_Given data_.
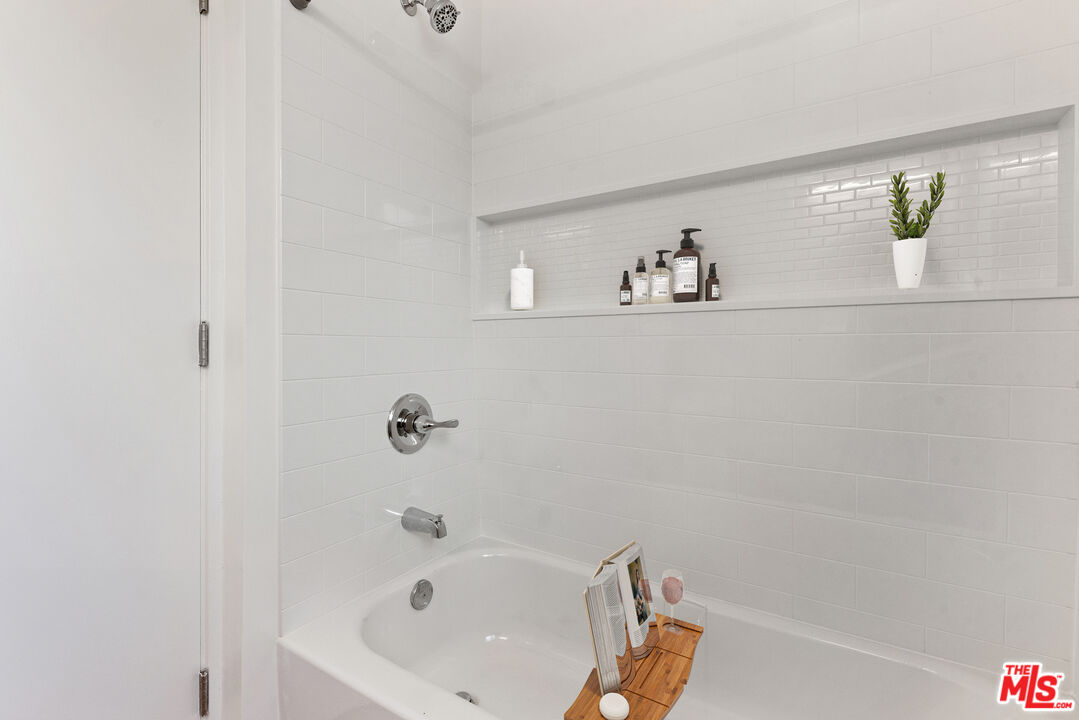 1314 10th Street, Unit A Santa Monica, CA 90401 - Photo 8 of 53 a bathroom with a bathtub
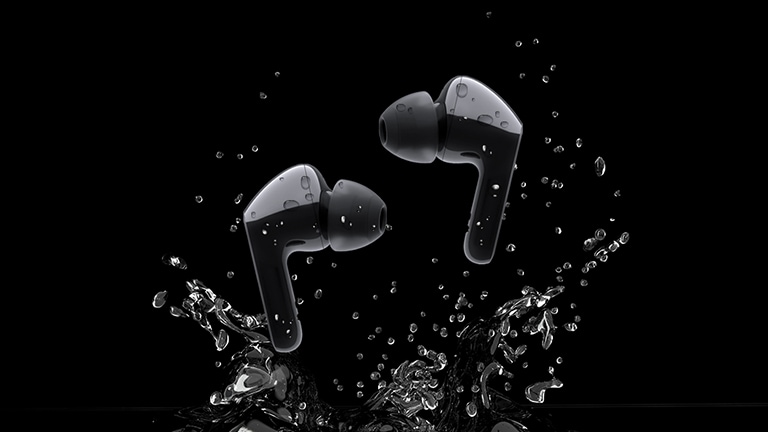 An image of two black earbuds jumping on a puddle of water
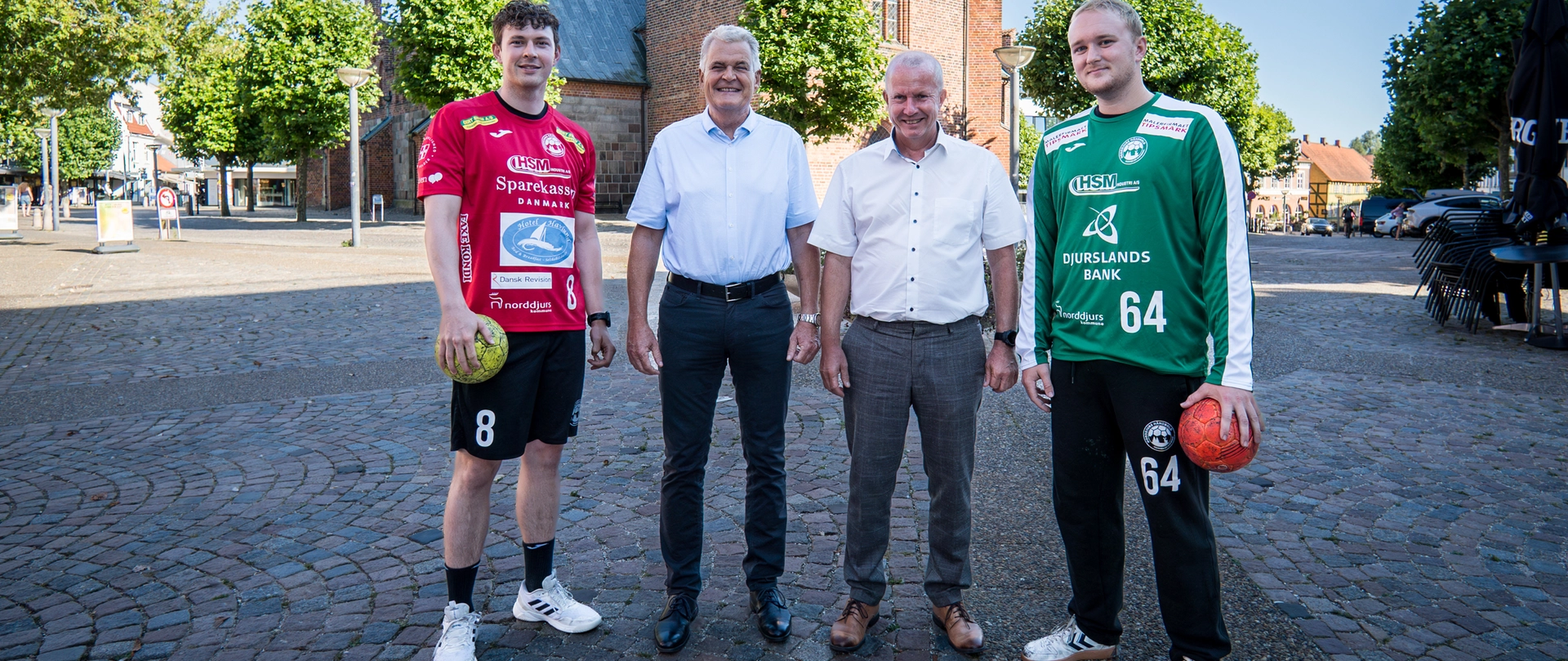 To håndboldspillere fra Norddjurs Håndbold står samme med områdedirektør Peter Møller fra Djurslands Bank og direktør Peter Lading Sørensen fra Sparekassen Danmark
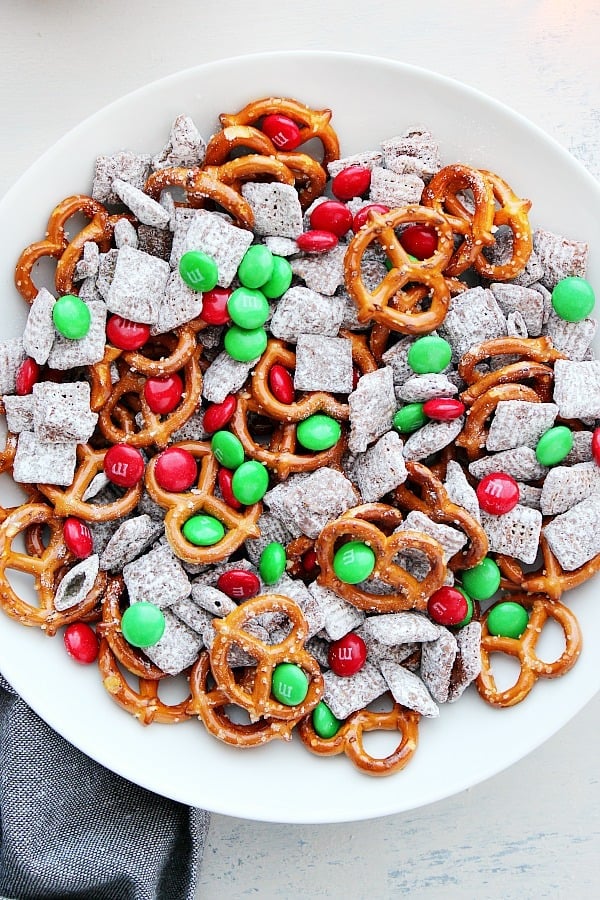 This Reindeer Chow is a 3-ingredient Christmas treat made with chex cereal, pretzels and M&M's candy. Reindeer Chow in a white bowl.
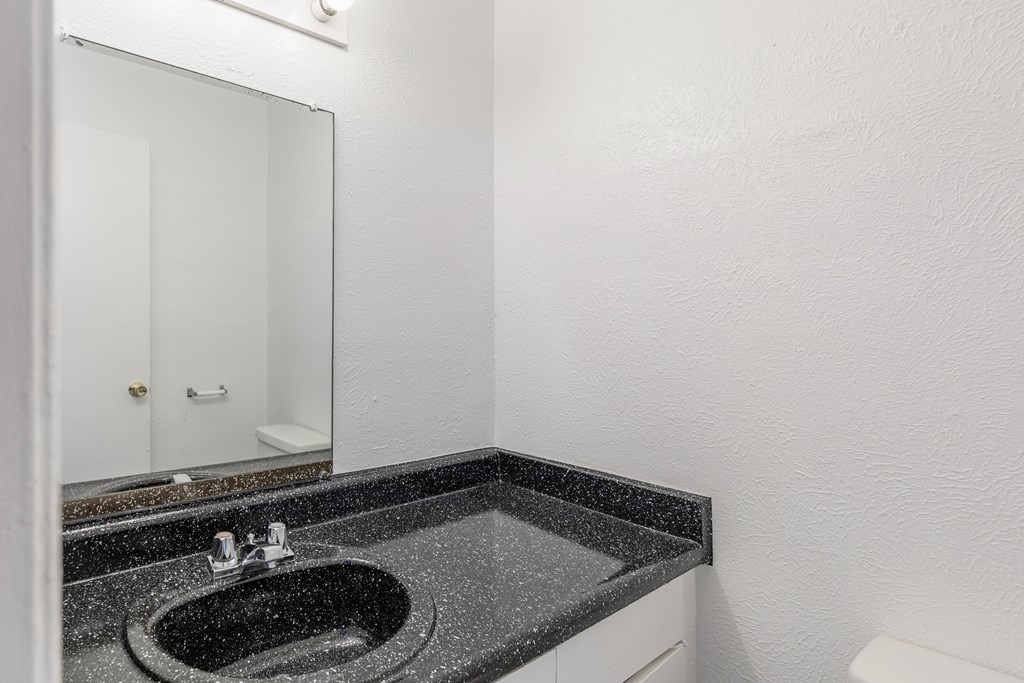 A bathroom with a sink and mirror.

_What the task requires_.
Given the listing above, return exactly, and only, the lines from the line with "An image of" through its final line, both included, with the pictures removed.

_Solution to this problem_.
 An image of two black earbuds jumping on a puddle of water
 To håndboldspillere fra Norddjurs Håndbold står samme med områdedirektør Peter Møller fra Djurslands Bank og direktør Peter Lading Sørensen fra Sparekassen Danmark
 This Reindeer Chow is a 3-ingredient Christmas treat made with chex cereal, pretzels and M&M's candy. Reindeer Chow in a white bowl.
 A bathroom with a sink and mirror.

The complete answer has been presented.